BY: PHILIPPE DE JOCAS
December’s blockbuster Rogue One featured the construction of the infamous Death Star –the giant planet-killing superweapon the size of a small moon. Updated from its humble 1977 model, the looming skeletal superweapon made a fantastic set piece as our heroes sought to foil its development. Is it possible that real-world space construction will ever rival the spectacular star cruisers and space stations we see in sci-fi?
Building in space presents a set of alternative challenges that differ from those of conventional Earthbound architecture. On the positive side, space architects no longer have to worry about the surly bonds of gravity weighing down their endeavors. Modern space stations can sprawl in many strange directions that would be otherwise impossible on Earth. Modular construction methods mean that engineers can shunt new buildings and rooms into position without much hassle.
That said, space has problems of its own. Ultimately, most space travel problems boil down to a question of weight. Fuel is expensive and the massive fuel tanks required to lift payloads off earth are even more costly. Every ounce of material must be calculated, organized, and trimmed in order to keep space missions from going over budget. Steel girders? Concrete blocks? Forget it. Everything that goes into orbit must stay light and durable.

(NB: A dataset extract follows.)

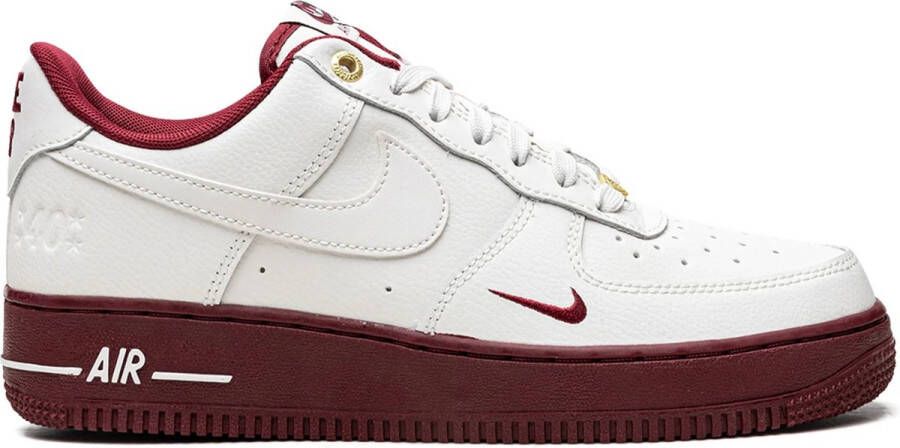 Nike Air Force 1 '07 SE Team Red Sneakers Unisex Wit Rood Goud DQ7582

One way scientists hope to circumvent the fuel problem is by constructing a “space elevator.” It’s exactly what it sounds like: a gigantic, multi-mile elevator that would stretch up beyond Earth’s atmosphere. Travelling to outer space would become as mundane as stepping on a platform, pushing a button, and then enduring twelve hours of The Girl from Ipanema. This project would quickly break every record as the largest piece of human engineering in history, and pave the way for even bigger space engineering projects. We have the science backing us up and the engineering apropos to pull it off – but the biggest problem between us and an elevator ride to space remains the materials. What materials are light enough to reach orbit and stay in one piece?
In January 2017, a team of Massachusetts Institute of Technology (MIT) scientists have designed one of the strongest and lightest materials ever constructed. At first glance, the porous pink chunk looks like a teething ring for a giant baby. It’s actually a form of graphene, a two-dimensional variety of carbon and also one of the strongest materials on Earth. But because graphene in its natural state is so rare and so thin – it naturally coagulates into constructions only an atom thick – it was long dismissed as impractical for any real heavy-duty building.

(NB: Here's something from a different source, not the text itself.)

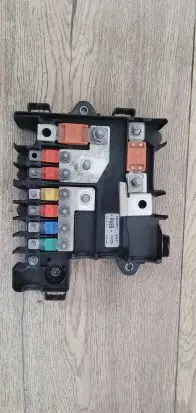 Iveco Daily 6th gen Battery relay fuse 5801585977 0046 0025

MIT managed to circumvent the problem of thickness through a combination of heat and extreme pressure. By scanning computational models of the form they wanted to create – a light, porous assembly that would be able to withstand pressure and disperse tension – they were able to mass produce natural graphene into the shape they desired. Samples of the porous material they created were ten times stronger than the toughest steel alloys, and weighed only 5 per cent of an equivalent mass of steel. A graphene tower could easily stretch into space for a fraction of the cost and effort an equivalent tower of steel would require. The porous shapes don’t require graphene to function, either: equivalent shapes can be constructed out of handy organic materials like cellulose and silk for some truly green architecture.
While we might not ever get to build a Death Star or Enterprise in our lifetime, MIT and other technological institutions are laboring to bring a little bit of sci-fi into our lives every day.